カン・ジファン:たくさん飲んだ。最近は人生が楽しい。ハハハ。

―それでは、ドラマについて話してみよう。最初から明るいトーンのドラマではあったが、特に最終回はまるで“道徳の教科書”を見ているような感じまでした。ハハ。そのエンディングに満足したのか?

カン・ジファン:誰もが共感できるエンディングだったと思う。そこでもう一度ストーリーをひねることも可能だったが、皆が見たいと思うストーリーを見せたという点では、それなりに意味があったと思う。

―ドラマのメッセージは重いが、トーンは軽快だった。特に旅客船セウォル号の沈没事故が発生した後に放送されたので、「ビッグマン」を前向きな視線で見る視聴者が多かった。

カン・ジファン:それは認める。もともと明るい感じのドラマではあったが、社会的な問題の影響をたくさん受けた。また「ビッグマン」の物語は構成が少し単純だ。もしみんなが幸せな時に放送されたら、あまり注目されなかったかもしれない。

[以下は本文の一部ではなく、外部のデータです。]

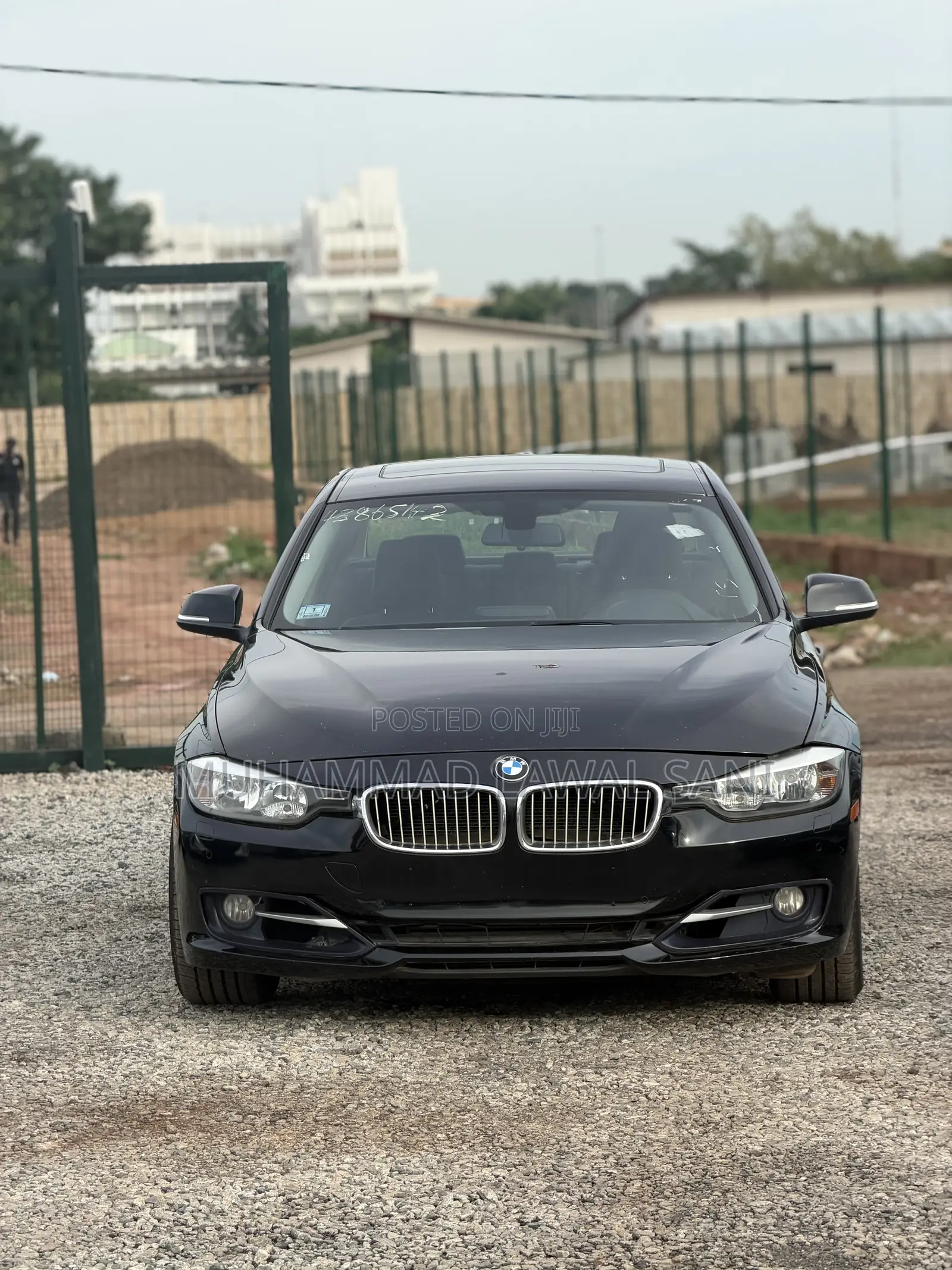 BMW 320i 2014 Black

―「ビッグマン」を見たら、前作だったSBS「金の化身」が思い浮かぶという視聴者も多少いた。

カン・ジファン:俳優としては残念な話だ。でも、心は残念でも、頭ではある程度のことを計算していた。「金の化身」のイ・チャドンが“喜怒哀楽”を表すキャラクターだとしたら、「ビッグマン」のキム・ジヒョクは一つの目標だけを見る純粋なキャラクターだ。それで、ドラマの前半は叙事の構造上、2つのキャラクターが少し似たように感じられたかもしれないが、僕は全16話のストーリーに合わせてすべてを頭で計算して準備した。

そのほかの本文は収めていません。